Abstract

A quantum ergodic theory for finite systems (such as isolated molecules) is developed by introducing the concept of a quantum measure algebra. The basic concept in classical ergodic theory is that of a measure space. A measure space is a set M, together with a specified sigma algebra of subsets in M and a measure defined on that algebra. A sigma algebra is closed under the formation of intersections and symmetric differences. A measure is a nonnegative and countably additive set function. For this to be further classified as a dynamical system, a measurable transformation is introduced. A measurable transformation is a mapping from a measure space into a measure space, such that the inverse image of every measurable set is measurable. In conservative dynamical systems, a measurable transformation is measure preserving, which is to say that the inverse image of every measurable set has the same measure as the original set. Once the measure space and the measurable transformation are defined, ergodic theory can be investigated on three levels—describable as analytic, geometric and algebraic.
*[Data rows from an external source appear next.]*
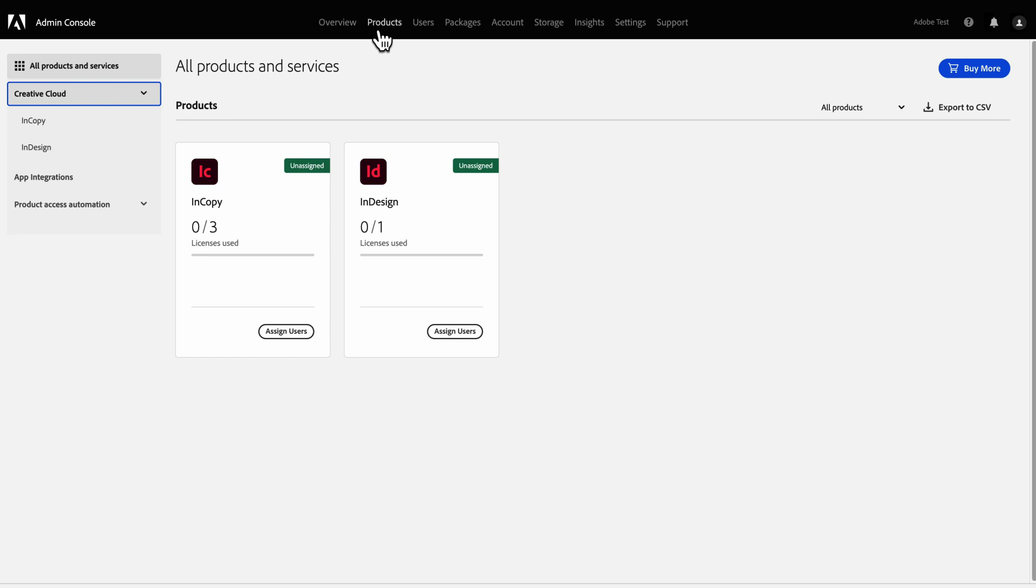For the Creative Cloud All Apps product, when you assign a user to that product, the user is licensed to use every available Adobe Creative Cloud application and service.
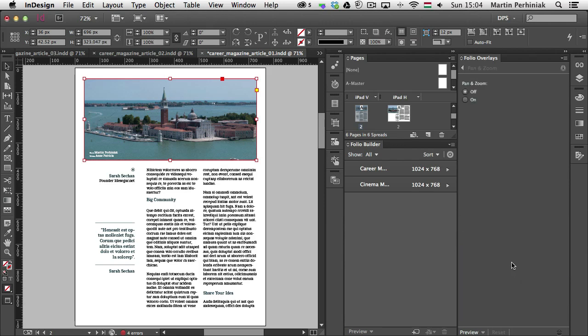So once I click on that, the only option here is that I can turn it on or off. In this case I am going to simply turn it on. So now that I have this interactivity added to this image frame, I have the pan and zoom folio overlay applied to it.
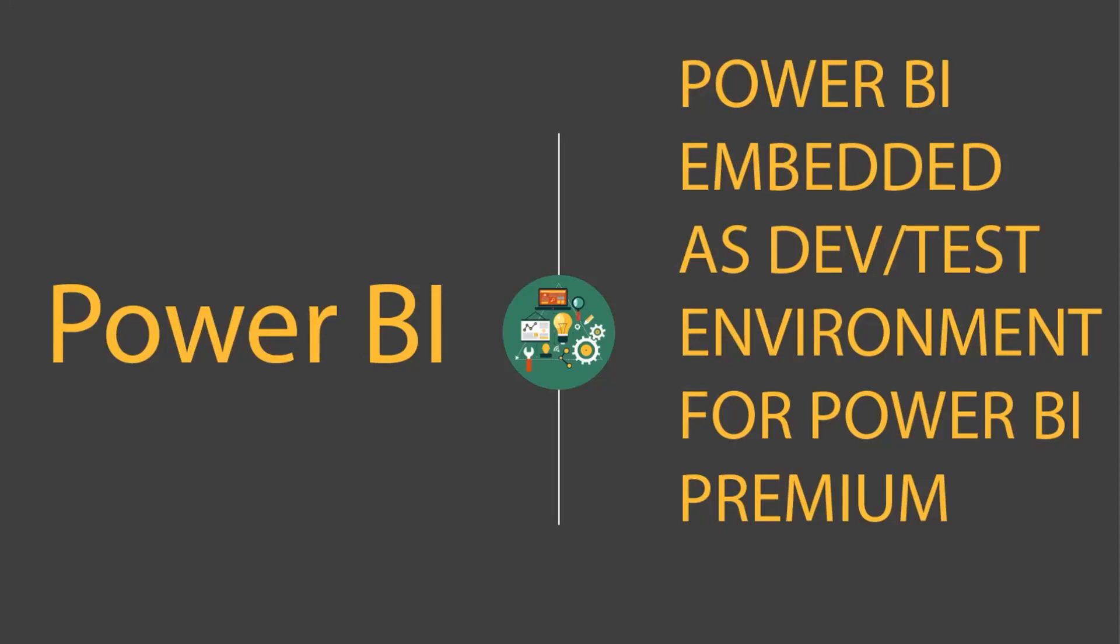Hello. In this video, we will talk about how we can use Power BI Embedded as a dev test environment for Power BI Premium.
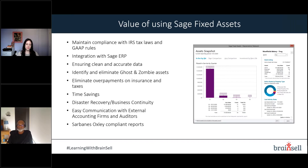Identifying ghost and zombie assets helps eliminate overpayments of taxes and insurance premiums. A good solution like Sage Fixed Assets saves time, which equates to dollars. It helps with disaster recovery and business continuity — you can easily restore from company backups, and the ability to attach or link images and invoices means if a location is damaged or destroyed, you can prove what assets were there, their value, and condition. It also includes Sarbanes-Oxley compliant reports to provide information to auditors.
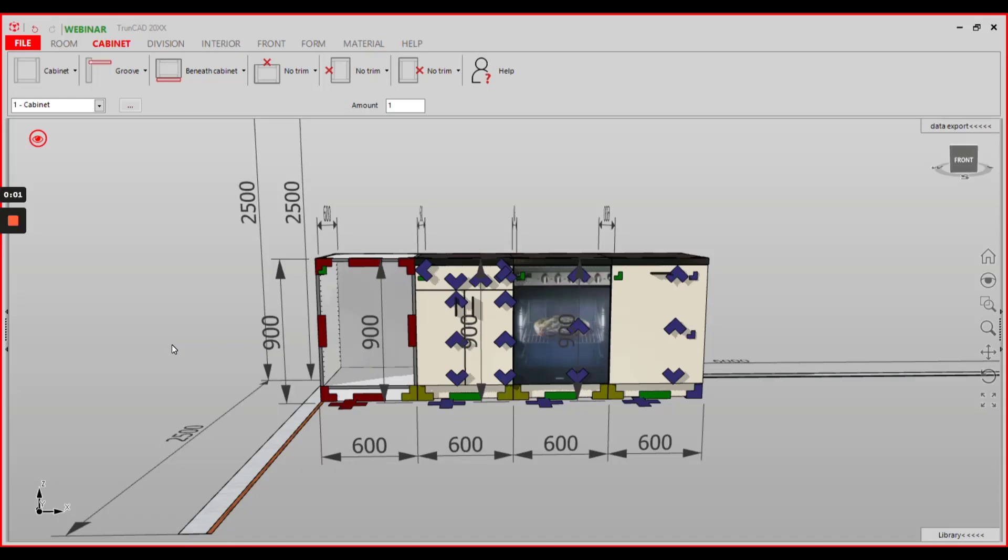Hello! In this video I will show you how to export a front view of a single cabinet with dimensions to the 2D CAD.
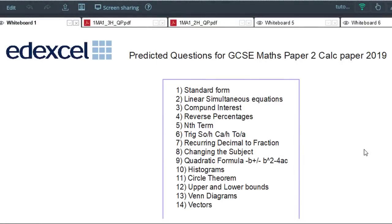Hello and welcome to this little video where we're going to be trying to predict some of the questions that are going to come up on the Edexcel GCSE Maths Paper 2 2019 calculator paper. We've already had the non-calculator paper which was yesterday, Tuesday the 21st, and from that we were able to collect some information about questions that had already come up on that paper to get a better idea about possible questions that could come up on the remaining two calculator papers, Paper 2 and Paper 3.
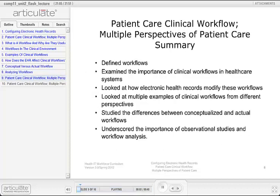This concludes Patient Care Clinical Workflow, Multiple Perspectives of Patient Care. In summary, this lecture defined workflows, examined the importance of clinical workflows in healthcare systems, and looked at how electronic health records modify these workflows. Multiple examples were provided of clinical workflows from different perspectives, and the differences between conceptualized and actual workflows were examined. Observational studies and workflow analysis are integral to the effectiveness of workflow systems.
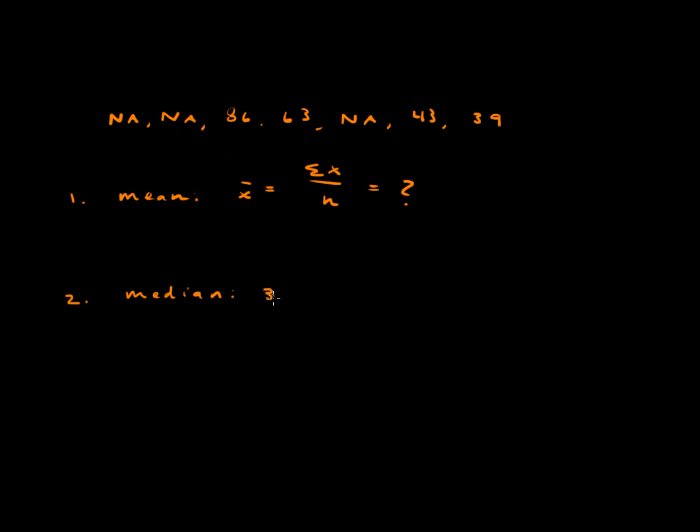So 39, 43, 63, 86, and then the three NAs.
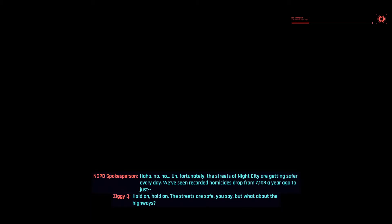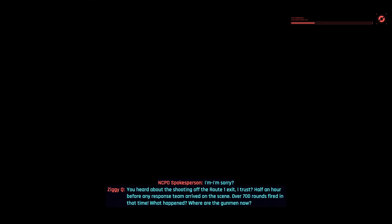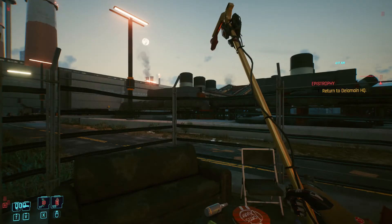Hold on, hold on. The streets are safe, you say, but what about the highways? I'm sorry? You heard about the shooting off the Route 1 exit, I trust. Half an hour before any response team arrived on the scene. Over...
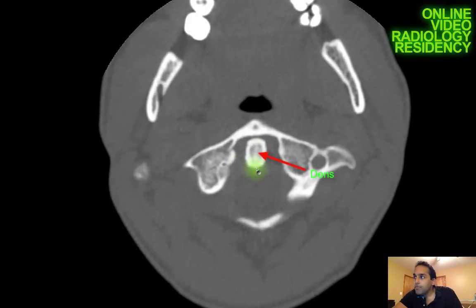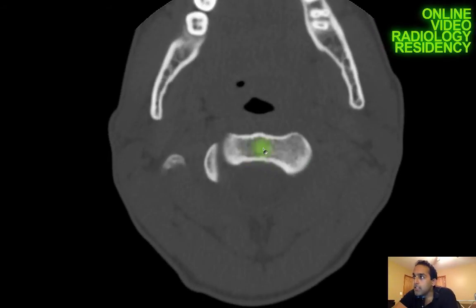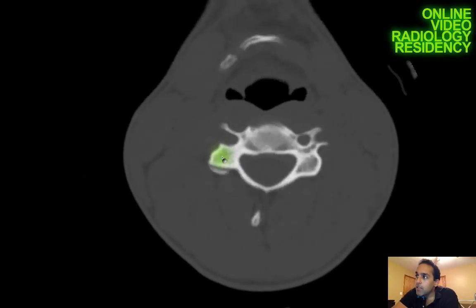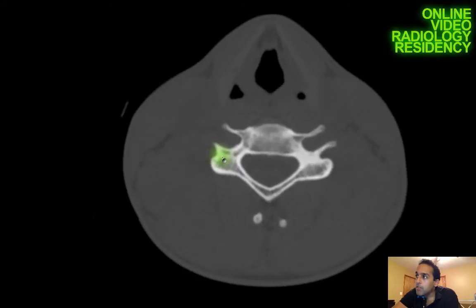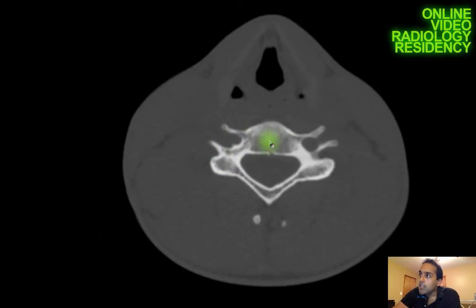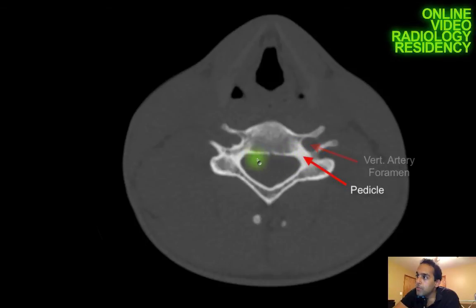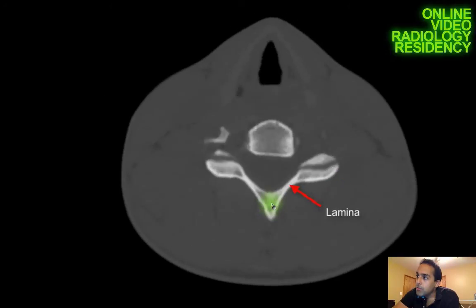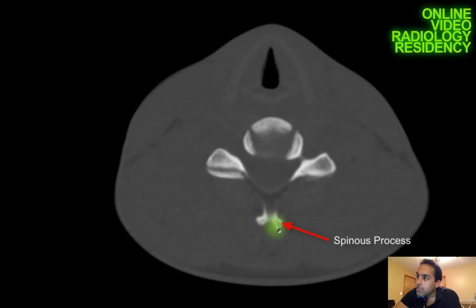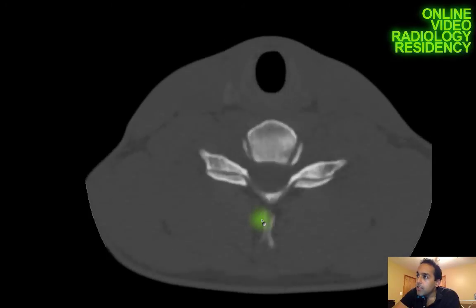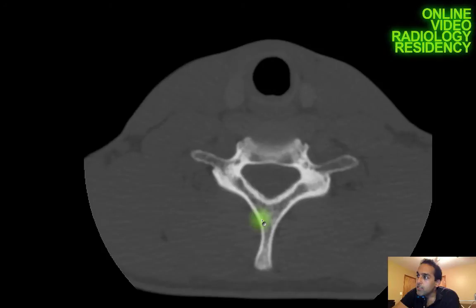I can see the dens poking up through the middle, and as I come down I can see the C2 vertebral body. At a typical cervical spinal level, I run through the anatomy at each level to exclude even subtle non-displaced fractures: the vertebral body, the transverse processes, the vertebral artery foramina, the pedicles bilaterally, the facet joints, and the laminae, which come together to form the spinous process — which is bifid in the cervical spine.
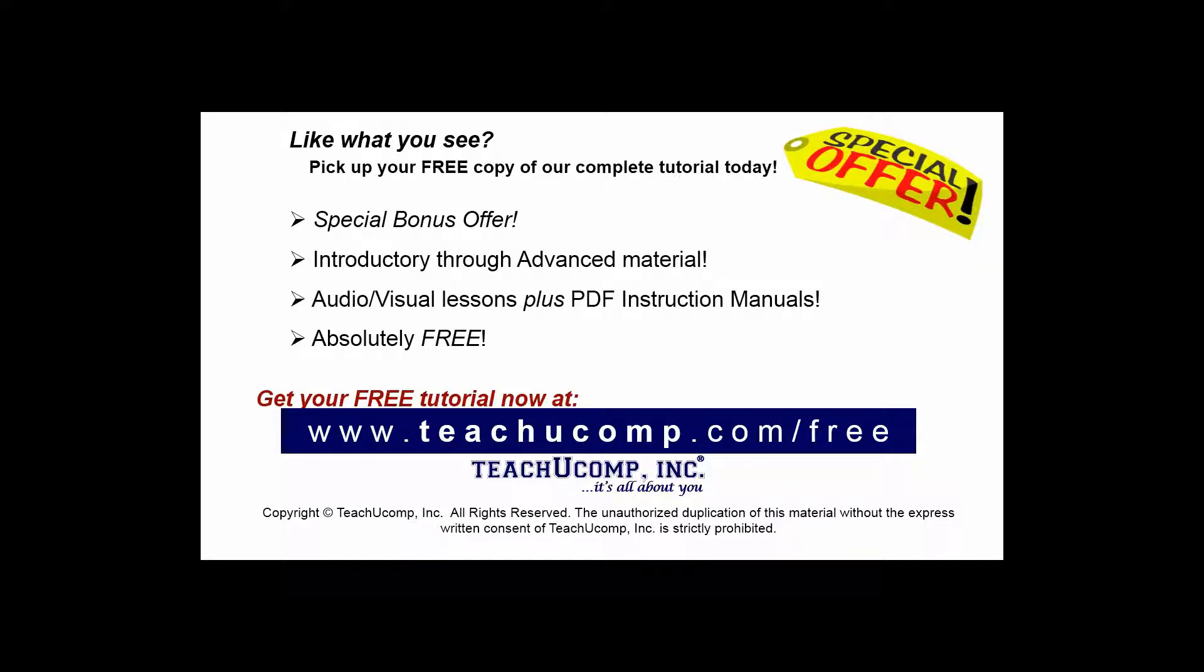Like what you see? Pick up your free copy of the complete tutorial at www.teachyoucomp.com forward slash free.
The analytic level studies linear operators induced by a transformation. The geometric level is concerned directly with transformations on a measure space and the algebraic treatments substitute a measure algebra for the measure space and basically equate sets that differ only by sets of measure zero. It is this latter approach that is most directly paralleled here. A measure algebra for a quantum dynamical system is defined within which stochastic concepts in quantum mechanics can be investigated. The quantum measure algebra differs from a normal measure algebra only in that multiplication is noncommutative and addition is nonassociative. Nonetheless, the quantum measure algebra preserves the essence of a normal measure algebra.